Not only did we have PVCs and other senior staff crossing picket lines with wild abandon, but quite a few union members — and, indeed, some erstwhile union reps — didn’t strike, let alone picket. University management will be well aware of this lack of engagement with the strike either now or when the figures for non-pay in January are returned. They save on the salary bill and they can rest easy that the impact on students’ progression is minimal, at best, and negligible, at worst.
Because what most matters to universities is their brand. If we want to have greater influence and bargaining power I would argue that we have to be a little more canny in our tactics and exploit exactly the corporatisation and marketisation culture we criticise and that underpins the behaviour of the 21st century university. (I’ve written before about the frustrating tendency of the left to not always be entirely cognisant of the value of “optics” and PR.)
Sceptical? Here are a few examples of brand management that might help to make my case…
Along with a number of APM colleagues, I spent six months chasing up a (very modest) honorarium payment for an invited speaker. Six months. The speaker eventually reached the point where, exasperated, she tweeted about the University’s lack of payment to her tens of thousands of followers (tagging in @UniOfNottingham). Within minutes she had a response from UoN, and within days the money was in her account.

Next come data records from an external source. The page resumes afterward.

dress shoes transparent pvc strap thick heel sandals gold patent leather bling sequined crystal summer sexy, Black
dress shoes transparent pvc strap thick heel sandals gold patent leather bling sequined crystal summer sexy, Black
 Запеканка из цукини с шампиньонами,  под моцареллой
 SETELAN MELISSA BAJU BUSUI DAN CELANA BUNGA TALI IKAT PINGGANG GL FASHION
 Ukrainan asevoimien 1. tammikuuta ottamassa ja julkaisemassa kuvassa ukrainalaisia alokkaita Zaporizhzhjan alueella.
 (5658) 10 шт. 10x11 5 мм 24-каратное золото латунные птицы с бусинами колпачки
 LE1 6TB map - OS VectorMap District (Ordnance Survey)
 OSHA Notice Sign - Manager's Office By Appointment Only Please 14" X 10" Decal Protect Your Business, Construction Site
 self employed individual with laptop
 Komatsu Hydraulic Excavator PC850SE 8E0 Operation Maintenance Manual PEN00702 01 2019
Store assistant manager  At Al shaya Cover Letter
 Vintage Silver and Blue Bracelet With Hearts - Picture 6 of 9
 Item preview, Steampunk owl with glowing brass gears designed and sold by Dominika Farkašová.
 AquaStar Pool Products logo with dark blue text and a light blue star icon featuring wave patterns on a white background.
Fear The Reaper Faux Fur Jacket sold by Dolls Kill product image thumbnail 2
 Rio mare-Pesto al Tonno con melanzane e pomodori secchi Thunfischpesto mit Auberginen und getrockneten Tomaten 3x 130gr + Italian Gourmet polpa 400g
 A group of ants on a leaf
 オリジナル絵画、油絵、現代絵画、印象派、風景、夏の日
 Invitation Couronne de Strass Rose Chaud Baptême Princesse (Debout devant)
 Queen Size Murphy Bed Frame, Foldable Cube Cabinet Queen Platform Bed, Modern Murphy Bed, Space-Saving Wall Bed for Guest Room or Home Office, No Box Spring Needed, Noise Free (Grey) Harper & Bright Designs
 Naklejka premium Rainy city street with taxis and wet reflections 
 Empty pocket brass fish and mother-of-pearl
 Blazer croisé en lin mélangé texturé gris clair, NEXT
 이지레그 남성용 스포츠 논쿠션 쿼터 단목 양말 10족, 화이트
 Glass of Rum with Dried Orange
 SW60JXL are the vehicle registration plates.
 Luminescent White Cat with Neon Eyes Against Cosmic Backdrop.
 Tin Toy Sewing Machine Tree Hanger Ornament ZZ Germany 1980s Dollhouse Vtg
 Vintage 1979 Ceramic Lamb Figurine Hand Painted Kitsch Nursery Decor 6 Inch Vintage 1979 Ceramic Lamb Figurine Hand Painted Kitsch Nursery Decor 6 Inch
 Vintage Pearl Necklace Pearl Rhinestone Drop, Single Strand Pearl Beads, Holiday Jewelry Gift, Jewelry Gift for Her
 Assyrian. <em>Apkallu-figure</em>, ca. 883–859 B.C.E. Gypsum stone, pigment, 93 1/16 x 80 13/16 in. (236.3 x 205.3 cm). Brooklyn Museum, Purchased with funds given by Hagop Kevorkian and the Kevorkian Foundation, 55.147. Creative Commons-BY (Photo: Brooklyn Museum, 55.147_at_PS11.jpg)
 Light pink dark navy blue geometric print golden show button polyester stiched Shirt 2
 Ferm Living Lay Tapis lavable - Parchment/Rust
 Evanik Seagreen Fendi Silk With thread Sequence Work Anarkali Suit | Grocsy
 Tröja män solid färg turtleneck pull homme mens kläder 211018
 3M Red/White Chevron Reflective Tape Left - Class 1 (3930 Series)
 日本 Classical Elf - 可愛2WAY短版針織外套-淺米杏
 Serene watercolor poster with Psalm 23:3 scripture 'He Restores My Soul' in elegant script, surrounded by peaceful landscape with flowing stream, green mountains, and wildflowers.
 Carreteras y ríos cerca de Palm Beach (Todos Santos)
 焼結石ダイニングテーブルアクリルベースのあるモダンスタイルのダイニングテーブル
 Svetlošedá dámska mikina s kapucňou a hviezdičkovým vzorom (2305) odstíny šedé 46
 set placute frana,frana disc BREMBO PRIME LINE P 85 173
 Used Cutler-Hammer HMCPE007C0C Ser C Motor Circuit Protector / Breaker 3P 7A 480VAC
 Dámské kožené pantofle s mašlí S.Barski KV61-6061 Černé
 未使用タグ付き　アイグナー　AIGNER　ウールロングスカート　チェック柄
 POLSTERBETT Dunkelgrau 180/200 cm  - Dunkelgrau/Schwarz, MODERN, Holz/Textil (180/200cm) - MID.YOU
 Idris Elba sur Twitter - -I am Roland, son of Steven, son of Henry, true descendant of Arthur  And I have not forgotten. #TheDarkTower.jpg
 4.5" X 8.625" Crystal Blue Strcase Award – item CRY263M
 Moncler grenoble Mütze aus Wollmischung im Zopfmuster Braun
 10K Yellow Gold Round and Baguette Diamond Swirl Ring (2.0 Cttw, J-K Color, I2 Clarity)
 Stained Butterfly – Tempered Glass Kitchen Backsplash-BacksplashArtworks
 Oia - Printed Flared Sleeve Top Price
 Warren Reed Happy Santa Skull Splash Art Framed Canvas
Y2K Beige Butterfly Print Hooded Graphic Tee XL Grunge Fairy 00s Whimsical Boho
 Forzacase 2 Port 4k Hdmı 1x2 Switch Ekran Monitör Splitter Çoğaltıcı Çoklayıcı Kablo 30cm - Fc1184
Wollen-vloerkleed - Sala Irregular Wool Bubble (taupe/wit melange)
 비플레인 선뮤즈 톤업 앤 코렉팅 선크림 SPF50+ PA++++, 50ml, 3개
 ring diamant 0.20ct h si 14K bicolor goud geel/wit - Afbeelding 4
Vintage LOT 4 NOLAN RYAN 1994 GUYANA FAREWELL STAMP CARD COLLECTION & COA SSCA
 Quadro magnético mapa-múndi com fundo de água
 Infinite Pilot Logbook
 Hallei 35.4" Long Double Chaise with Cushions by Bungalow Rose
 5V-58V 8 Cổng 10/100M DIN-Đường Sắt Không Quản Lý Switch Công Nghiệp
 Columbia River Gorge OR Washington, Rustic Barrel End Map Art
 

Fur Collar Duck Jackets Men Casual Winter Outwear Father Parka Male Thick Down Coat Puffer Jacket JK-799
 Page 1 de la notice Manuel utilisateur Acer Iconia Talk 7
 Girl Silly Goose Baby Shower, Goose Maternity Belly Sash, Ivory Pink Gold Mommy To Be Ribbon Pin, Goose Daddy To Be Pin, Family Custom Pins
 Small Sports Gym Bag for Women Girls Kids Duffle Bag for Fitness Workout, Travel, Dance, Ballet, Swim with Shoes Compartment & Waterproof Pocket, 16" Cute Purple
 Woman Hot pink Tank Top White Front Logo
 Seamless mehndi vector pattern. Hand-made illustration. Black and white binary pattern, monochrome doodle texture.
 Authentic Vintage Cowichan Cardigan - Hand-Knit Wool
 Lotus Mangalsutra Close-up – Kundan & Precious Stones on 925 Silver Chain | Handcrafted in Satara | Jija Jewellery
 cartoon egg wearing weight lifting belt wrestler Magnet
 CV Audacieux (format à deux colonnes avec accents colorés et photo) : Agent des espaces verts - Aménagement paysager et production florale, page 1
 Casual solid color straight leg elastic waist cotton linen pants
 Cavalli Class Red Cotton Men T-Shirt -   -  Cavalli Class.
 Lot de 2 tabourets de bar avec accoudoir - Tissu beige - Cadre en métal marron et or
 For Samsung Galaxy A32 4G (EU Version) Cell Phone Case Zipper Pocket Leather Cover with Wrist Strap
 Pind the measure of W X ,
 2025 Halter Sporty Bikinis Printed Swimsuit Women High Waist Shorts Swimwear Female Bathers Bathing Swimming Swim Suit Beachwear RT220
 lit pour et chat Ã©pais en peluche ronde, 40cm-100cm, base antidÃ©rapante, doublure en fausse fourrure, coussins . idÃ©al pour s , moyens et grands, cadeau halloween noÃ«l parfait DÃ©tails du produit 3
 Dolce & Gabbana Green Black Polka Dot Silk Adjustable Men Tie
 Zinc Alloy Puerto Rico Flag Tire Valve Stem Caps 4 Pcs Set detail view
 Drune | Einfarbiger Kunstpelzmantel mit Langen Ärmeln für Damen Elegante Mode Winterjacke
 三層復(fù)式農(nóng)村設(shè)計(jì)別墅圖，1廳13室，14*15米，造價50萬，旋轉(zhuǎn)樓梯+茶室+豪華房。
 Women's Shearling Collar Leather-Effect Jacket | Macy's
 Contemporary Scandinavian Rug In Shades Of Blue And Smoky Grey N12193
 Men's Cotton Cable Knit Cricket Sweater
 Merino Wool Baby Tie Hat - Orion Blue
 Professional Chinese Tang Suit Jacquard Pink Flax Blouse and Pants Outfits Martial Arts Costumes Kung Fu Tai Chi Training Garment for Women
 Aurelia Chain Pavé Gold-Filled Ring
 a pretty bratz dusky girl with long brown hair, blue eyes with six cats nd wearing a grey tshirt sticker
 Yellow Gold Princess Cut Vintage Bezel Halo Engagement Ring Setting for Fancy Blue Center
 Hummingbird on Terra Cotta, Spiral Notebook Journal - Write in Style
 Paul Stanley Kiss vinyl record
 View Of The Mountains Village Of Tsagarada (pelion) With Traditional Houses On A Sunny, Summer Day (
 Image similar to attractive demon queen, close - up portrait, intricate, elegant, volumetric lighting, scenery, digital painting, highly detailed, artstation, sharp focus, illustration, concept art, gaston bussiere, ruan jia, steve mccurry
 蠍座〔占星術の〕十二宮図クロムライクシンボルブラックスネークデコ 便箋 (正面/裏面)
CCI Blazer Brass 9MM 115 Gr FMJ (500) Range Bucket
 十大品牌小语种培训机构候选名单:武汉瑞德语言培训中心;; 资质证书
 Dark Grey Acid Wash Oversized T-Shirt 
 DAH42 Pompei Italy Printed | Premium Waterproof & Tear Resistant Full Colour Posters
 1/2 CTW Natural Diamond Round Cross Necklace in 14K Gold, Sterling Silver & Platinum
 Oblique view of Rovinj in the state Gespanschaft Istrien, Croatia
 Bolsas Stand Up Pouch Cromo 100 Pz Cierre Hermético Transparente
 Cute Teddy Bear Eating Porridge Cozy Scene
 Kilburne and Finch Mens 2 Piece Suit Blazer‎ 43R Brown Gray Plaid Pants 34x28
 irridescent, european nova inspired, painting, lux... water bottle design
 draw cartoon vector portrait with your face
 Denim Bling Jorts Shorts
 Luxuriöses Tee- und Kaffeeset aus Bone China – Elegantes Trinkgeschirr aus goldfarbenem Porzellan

Down the road, at Nottingham-Trent University (Guardian University Of The Year 2019), Liz Morrish was subject to disciplinary proceedings when a post hit 10,000 views on Liz’s own blog and trended at the Times Higher website, as described in the article linked in the tweet below.
And Warwick hardly covered itself in glory in this appalling case because they placed their brand management well ahead of students’ safety. That’s how engrained the importance of protecting the university brand can be.
“The top six universities are like the most beautiful cities in the world, reputable even if they have failing sewers, arrogant mayors and dodgy no-go areas…A folklore builds up around them, as do money and fans.”
(From Beyond the super-brands, universities are strengthening their positions, Times Higher Education)
So let’s stop trying to repeatedly use the same seventies strategies to attack a 21st century problem. Let’s think a little bit more about what really matters to university managers.
It’s not the students*.
It’s not the staff.
It’s the brand.
* …although it’s certainly the student numbers.